Four Liberian Journalists Charged with Espionage
By: Musue N. Haddad
February 22, 2001
According to reports from Liberia, four journalists of the NEWS newspaper have been arrested and charged with espionage by the Government of Liberia. The journalists arrested include: Joseph G. Bartuah, Editor; Abdullah Dukuly, Associate Editor; Jerome Dalieh, Sub-editor, and Bobby Tapson, reporter. The journalists were denied bail and will begin appearing in court today.
The arrest of the four journalists was precipitated by an article published in the News newspaper critical of the Government of Liberia extra-budgetary spending habits. The article called into question the amount of US$50,000.00 spent by the Liberian authorities to repair a helicopter said to be personally owned by Mr. Taylor. It also drew attention to another US$23,000.00 spent on Christmas cards and souvenirs distributed to members and friends of the first family.
Pointing to the lack of priorities of the Government of Liberia, the article, not only challenged the rational behind spending such staggering amount on non-essential needs, but also pointed to the continued deterioration of social services in the country including the recent closure of the John F. Kennedy Medical Center, the nation's premiere hospital. Moreover, government has been in salary arrears to civil servants for over a year.

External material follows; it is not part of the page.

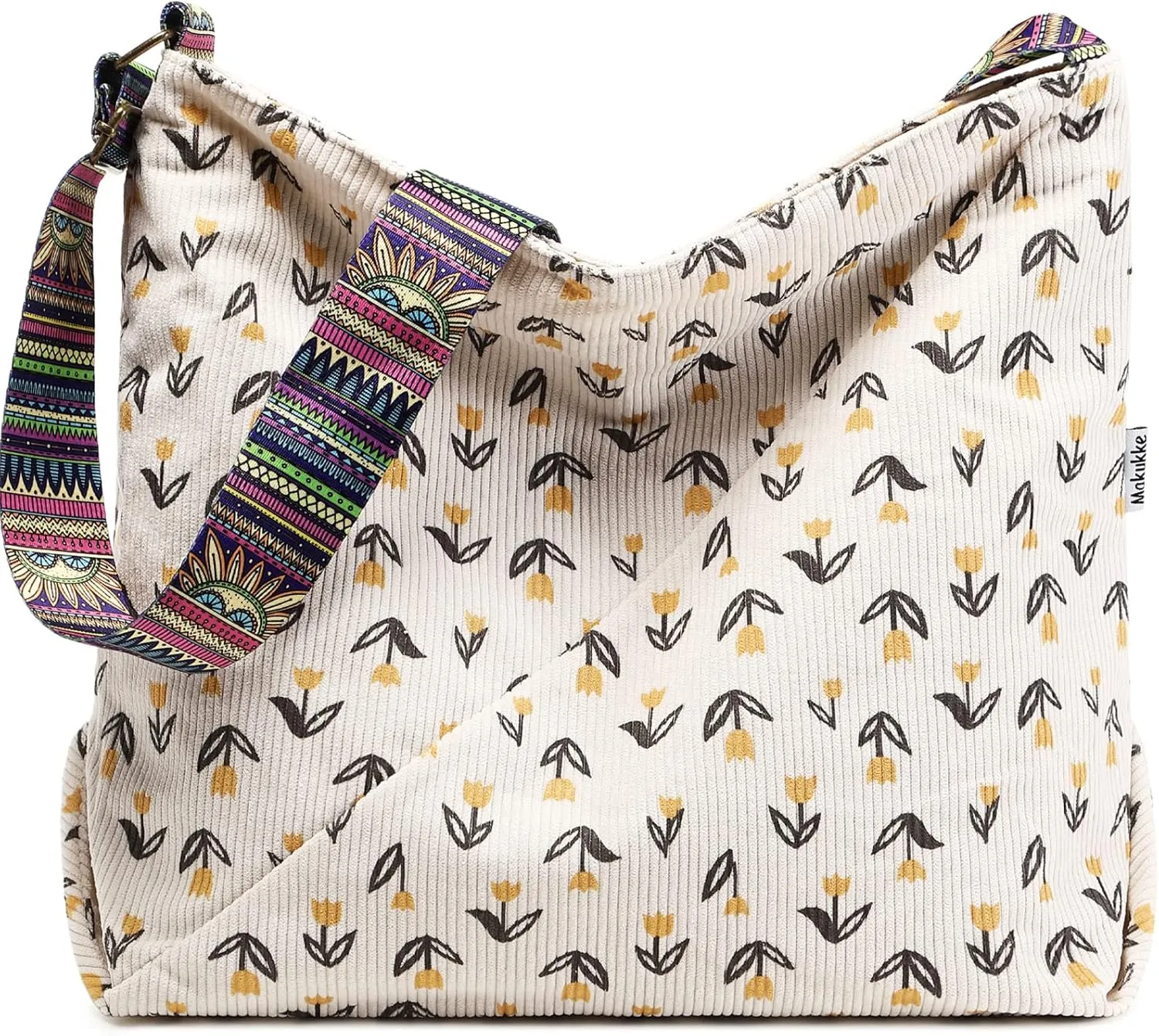 Makukke Tote Bag Women Large Crossbody Bag Stylish Handbag for Women Corduroy Hobo Bag Fashion shoulder Bag Purse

Many observers view this latest development as part of a long-running pattern on the part of the Government of Liberia to clampdown on the press and stifle its freedom.
Since the Taylor administration assumed power, the Liberian society and people have suffered massive and brutal human rights violations. The media as one of the few voices in society has also sustained and continue to suffer the wrath of the claws of dictatorship. Several media institutions including the New Democrat, The Heritage, Star Radio, among others have been forced to perish. The NEWS is among a few independent media institutions that survived several attacks carried out both publicly and in subtle fashions. Though there is self- censorship by journalists and the media because of fear harassment, the government of Liberia continues to muzzle the press.
Just last August, four foreign journalists of the British Channel-4 were arrested and charged with "espionage" by the Liberian Government. They were detained and tortured. But through international pressure and intervention brought to bear on the Government of Liberia, they were released. However, it is not quite clear how reporting and exposing the misuse of public funds would constitute a crime of espionage or spying for which the journalists of the NEWS newspaper have been charged.
But with the high paranoid state of the Liberian government, especially with the impending threat on the imposition of sanctions by the international community for Liberia's involvement in fueling the war in Sierra Leone, it is clear that the government needs a scapegoat to serve as a deterrent to other independent and vocal institutions in the country.